- **What the task requires**: Print the lines that run from the line with "رانيا المشاط تشهد" to the line with "NEW RAE DUNN", keeping both end lines, exactly as they appear in the entries below, and nothing else.

- **Information**:

--- START ---

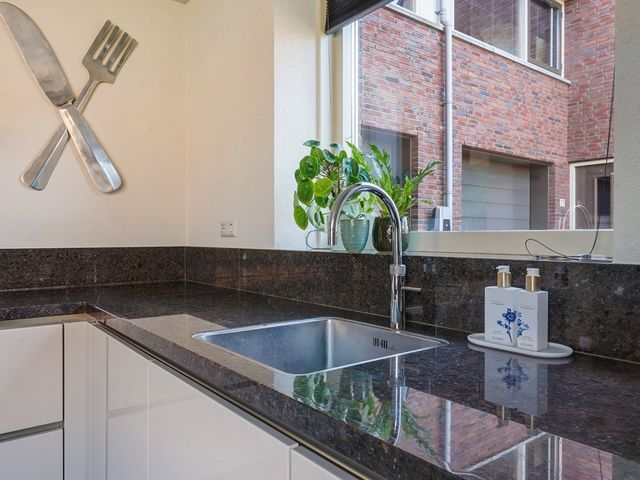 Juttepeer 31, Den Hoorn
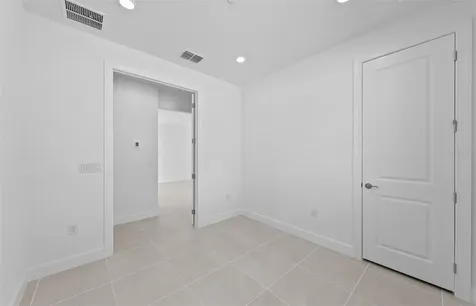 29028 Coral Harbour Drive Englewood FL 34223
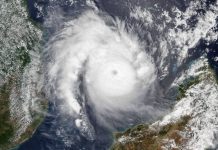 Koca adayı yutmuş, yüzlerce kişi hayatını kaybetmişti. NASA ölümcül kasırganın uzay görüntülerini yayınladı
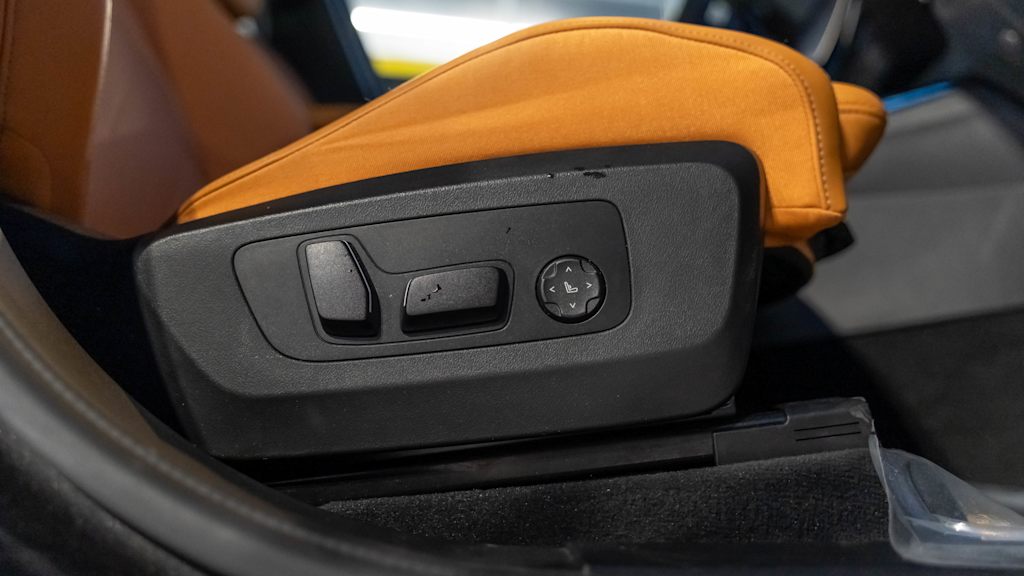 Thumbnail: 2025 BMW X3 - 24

--- END ---
--- START ---

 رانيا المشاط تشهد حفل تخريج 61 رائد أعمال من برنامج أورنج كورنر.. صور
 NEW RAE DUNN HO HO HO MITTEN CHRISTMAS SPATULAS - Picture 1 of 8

--- END ---
--- START ---

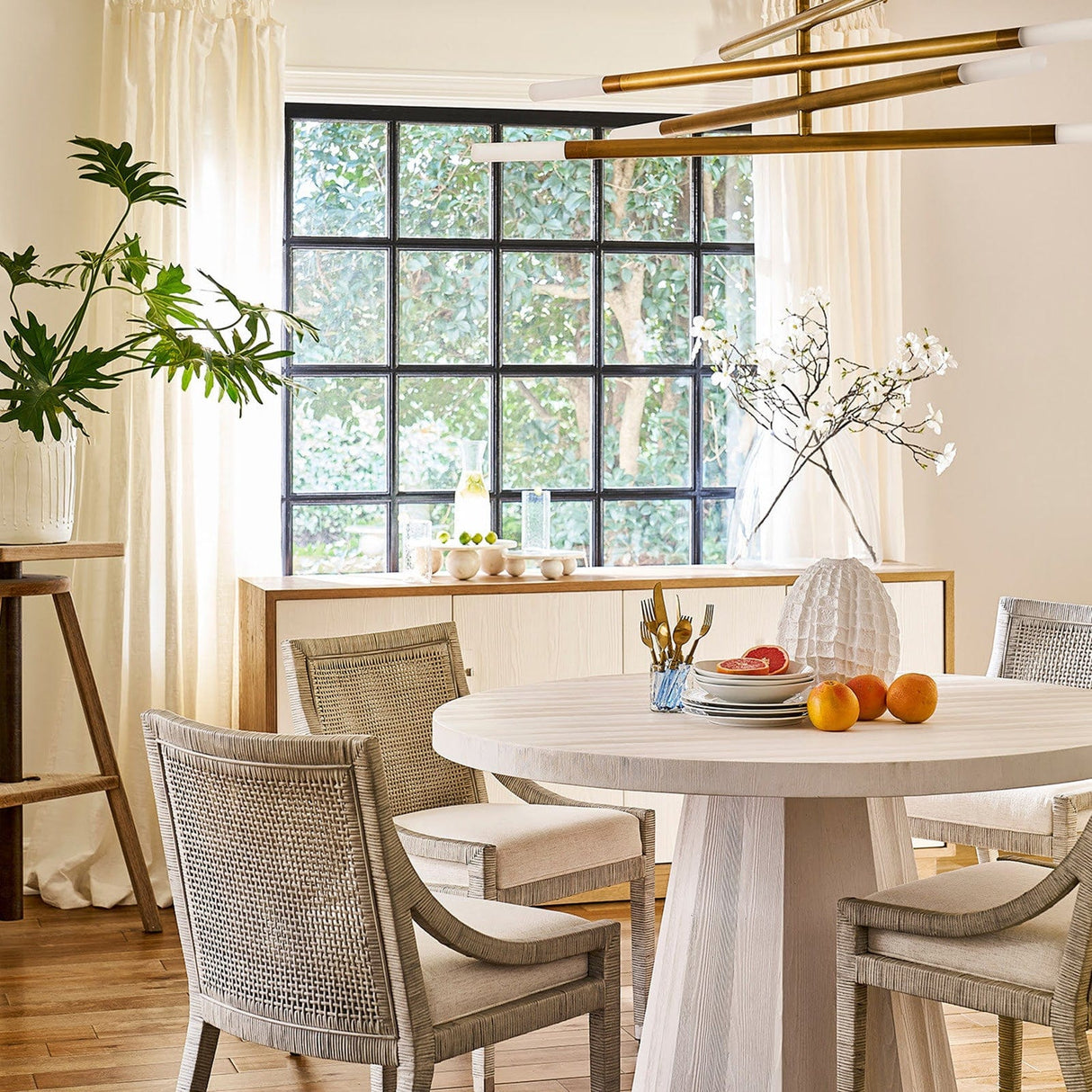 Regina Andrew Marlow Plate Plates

--- END ---

- **Task answer**:
 رانيا المشاط تشهد حفل تخريج 61 رائد أعمال من برنامج أورنج كورنر.. صور
 NEW RAE DUNN HO HO HO MITTEN CHRISTMAS SPATULAS - Picture 1 of 8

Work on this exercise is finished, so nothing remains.